State legislation protecting political signs in homeowners associations can vary considerably from state-to-state. In Maryland, an HOA can’t prevent a member from displaying a political sign in his or her own yard close to election time. MD Code, Real Property, § 11B-111.2. But, cross the Potomac River into Virginia, and an association is free to prohibit political signs in its declaration. Keep traveling south down I-95 to North Carolina, and associations can restrict political signs, but only if the declaration expressly states that it regulates political signs (i.e., a blanket restriction on signage won’t cut it). N.C.G.S. §47F-3-121.
Arizona and Texas both employ an approach that has become increasingly popular around the country. An association cannot prohibit political signs outright, but the prohibition only applies during a specific window around election time, during which period the association can exercise limited control over the “time, place, and manner” of the signs. In Arizona, the protected period extends from 70 days prior to election day until three days after. A.R.S. §33-1808C. Texas protects political signs starting 90 days before election day and going through ten days afterwards. Tex. Prop. Code §202.009.
The Arizona statute allows associations to regulate the size and number of signs generally, but not any more strictly that any applicable local ordinance. Id. If no local ordinance is in force, the association cannot restrict the number of signs but can limit the total signage on a member’s lot to nine square feet. Arizona also forbids limitations on the number of candidates supported per sign and disallows altogether covenants which would completely prohibit a member from displaying a ‘for sale’ sign. A.R.S. §33-1808H and F(3). Thus, the Arizona law, in effect, protects certain forms of both political speech and commercial speech.
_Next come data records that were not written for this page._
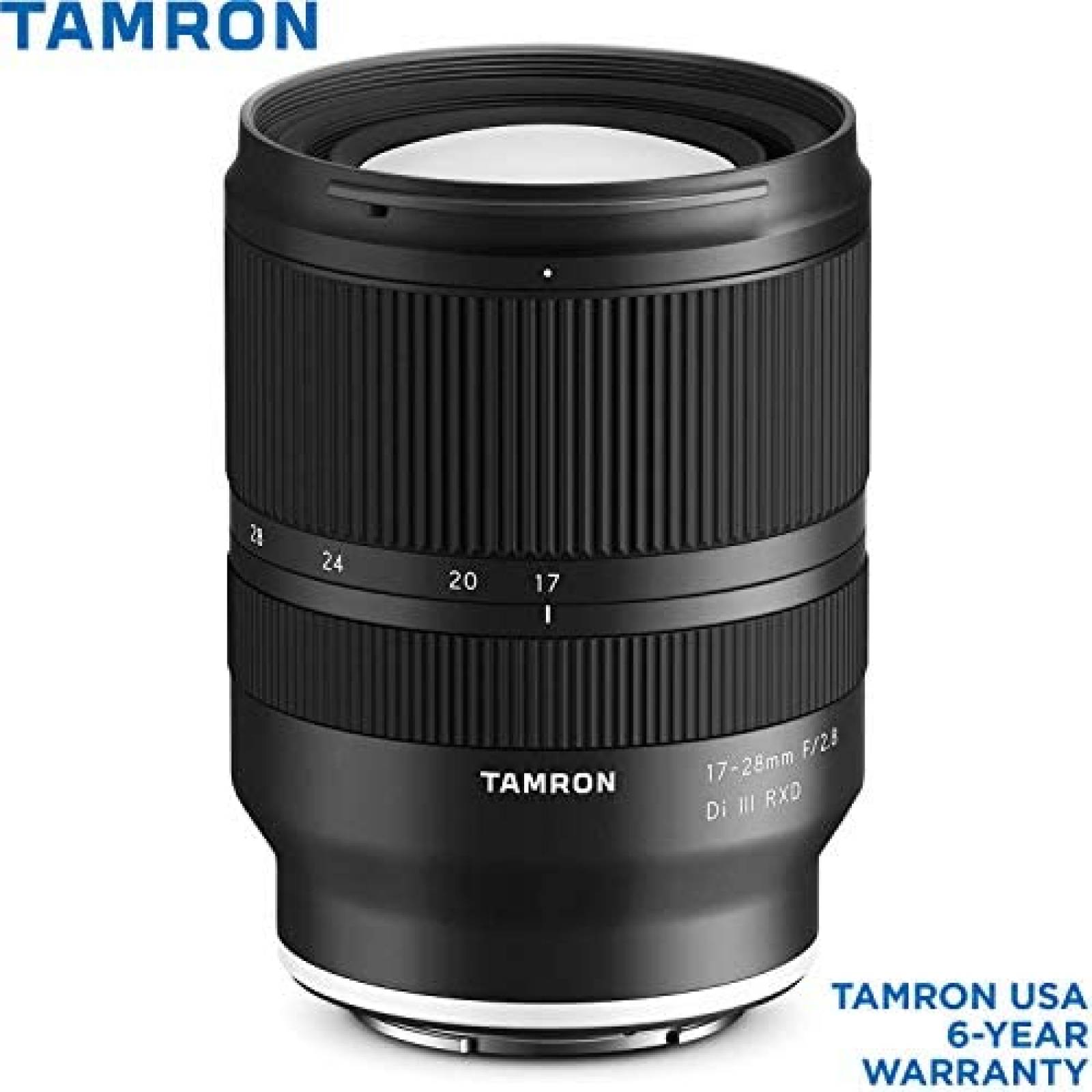 Kit de Lente Tamron 17-28 mm f/2.8 para Sony E + Accesorios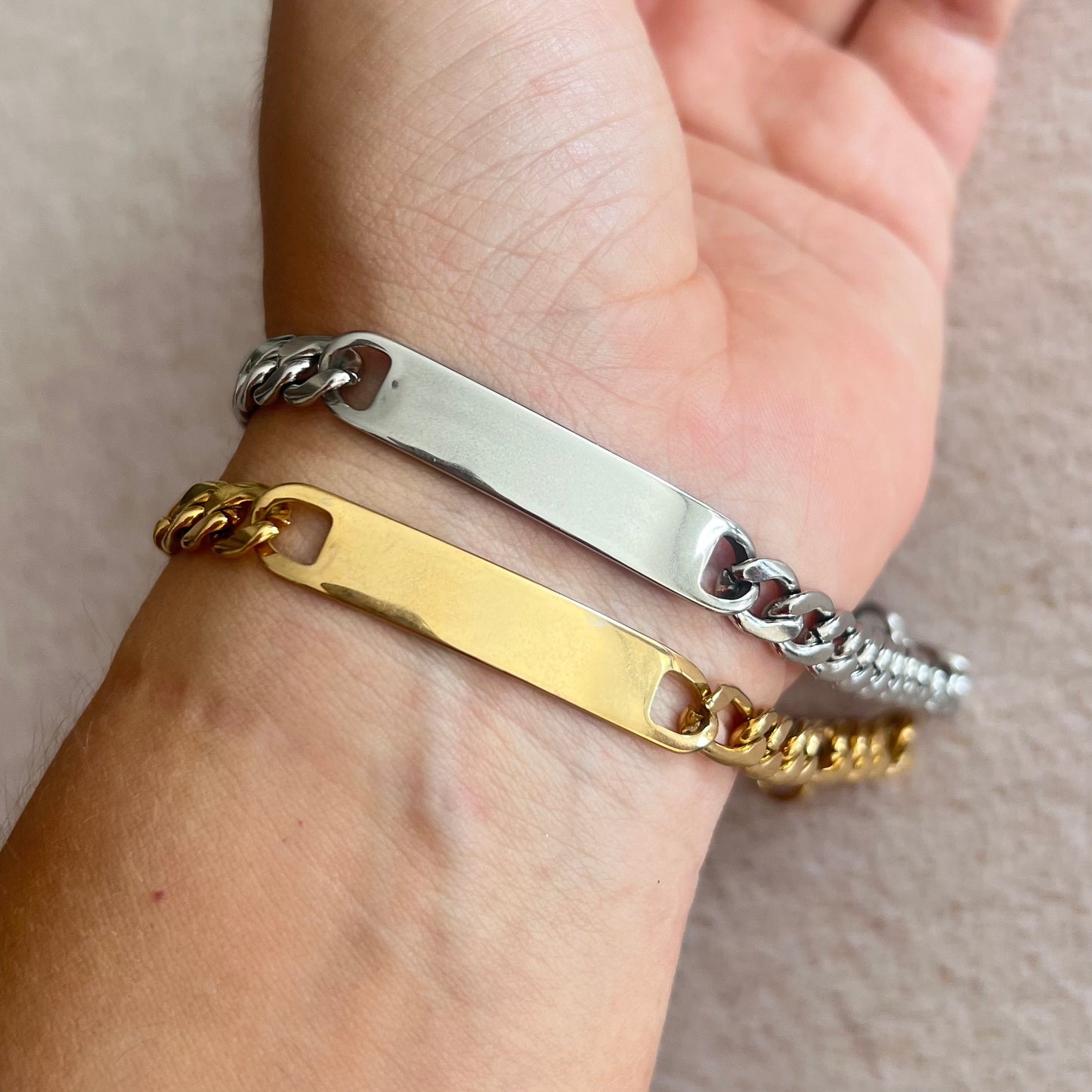 Pulseras personalizadas
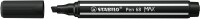 STABILO Fasermaler Pen 68 MAX 2+5mm 768/46 schwarz, Aktuell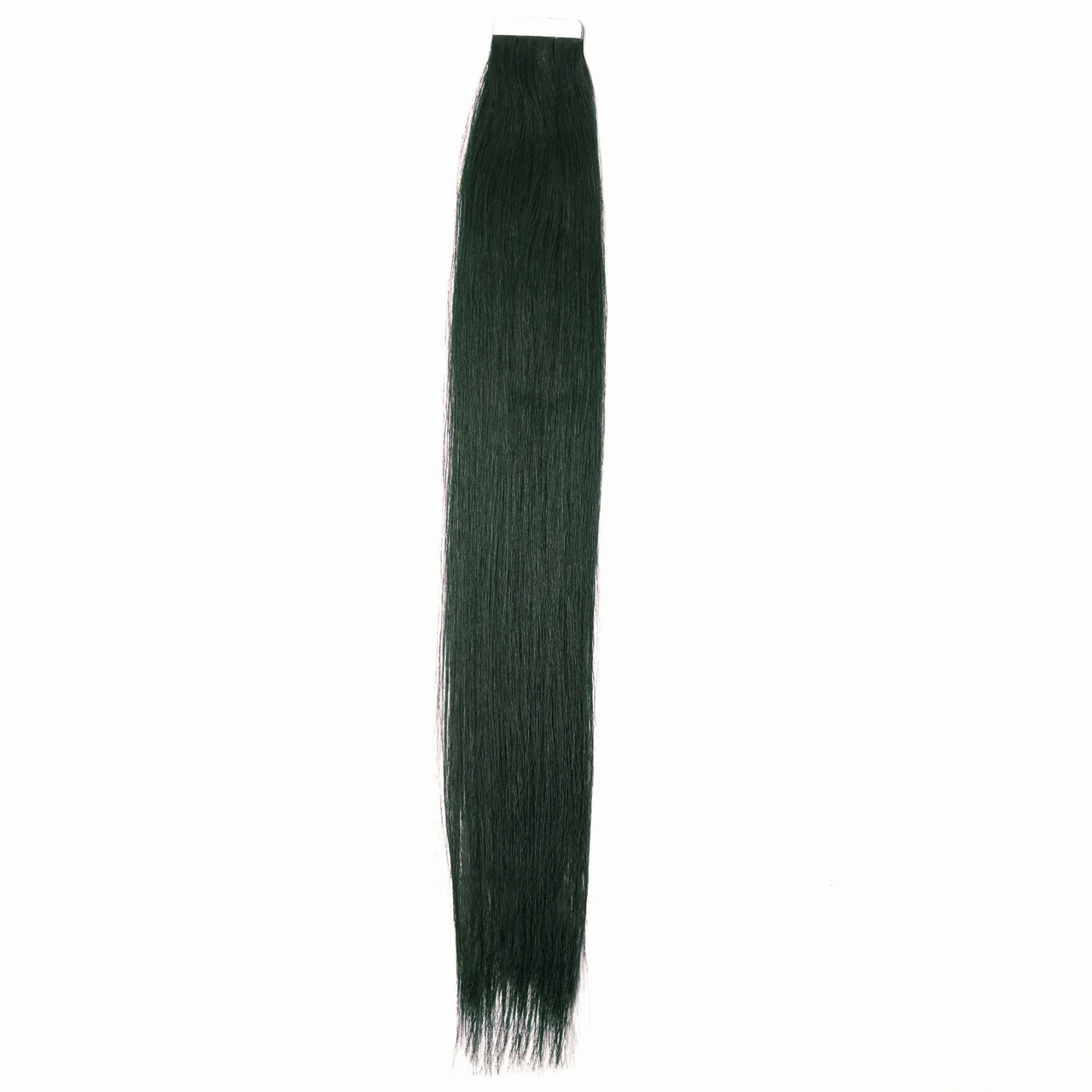 Bohyme Tape-ins Silky Straight Color Forest Green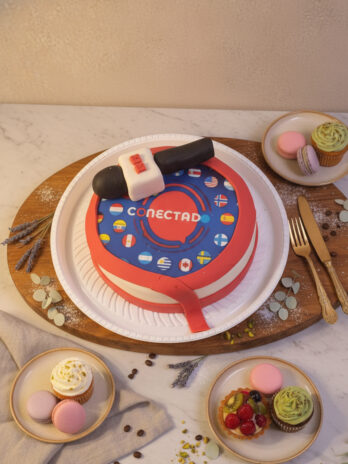 Tortas con diseños personalizados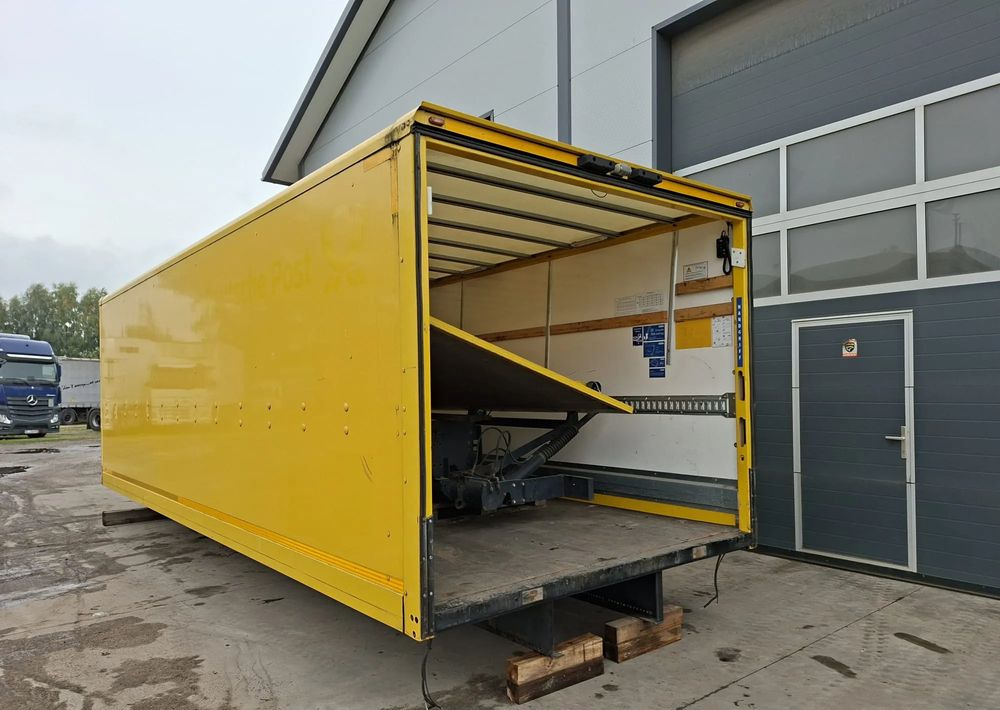 MAN TGL kontener zdemontowany - Camion fourgon: photos 1 MAN TGL kontener zdemontowany - Camion fourgon: photos 1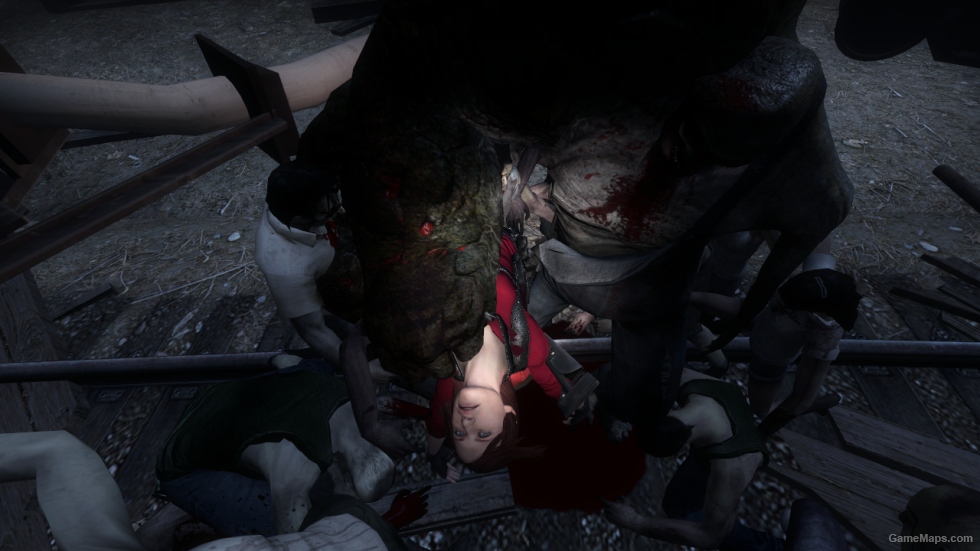 RE: Revelations 2 Claire Redfield - Rescuer Outfit (Zoey)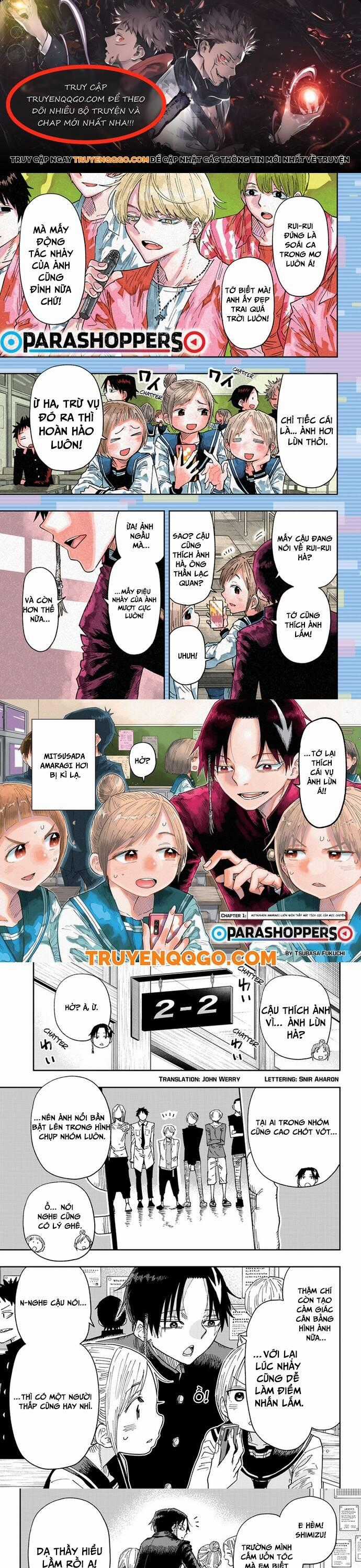 Parashoppers - Chương 1 - Trang 1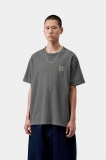 Carhartt S/S Vista T-Shirt - Black, Garment dyed Carhartt S/S Vista T-Shirt - Black, Garment dyed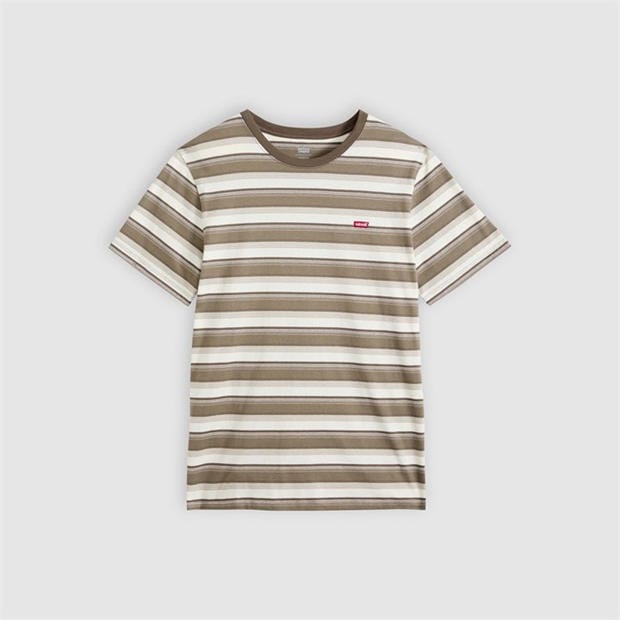 Stripe Green - Levis - Original T Shirt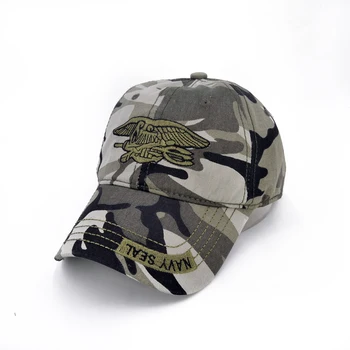 Maskēšanas Taktiskās Armijas Cepures ASV NAVY Beisbola cepure modes Izšuvumi vīrieši sievietes snapback cepure Gorras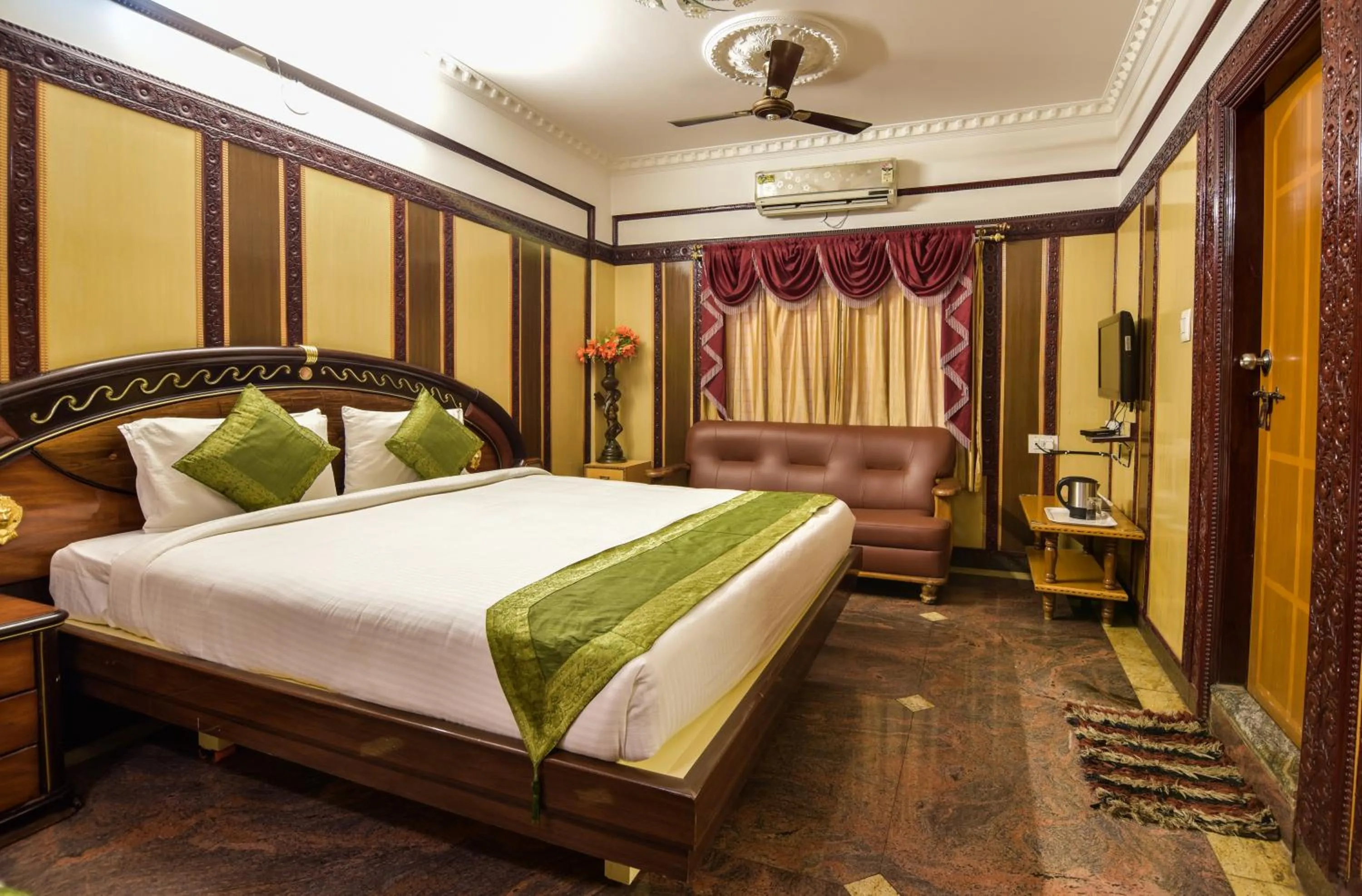 Bed in Navanidhi Comforts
Texas associations are allowed to limit the size of political signs to 4’ x 6’. Tex. Prop. Code §202.009. And, the Texas statute also expressly permits certain restrictions if included in a community’s covenants. A Texas association can, for instance, require that political signs be ground-mounted and limited to one sign per candidate or ballot measure. Id. And Texas allows associations to ban language or images in political signs “that would be offensive to the ordinary person.”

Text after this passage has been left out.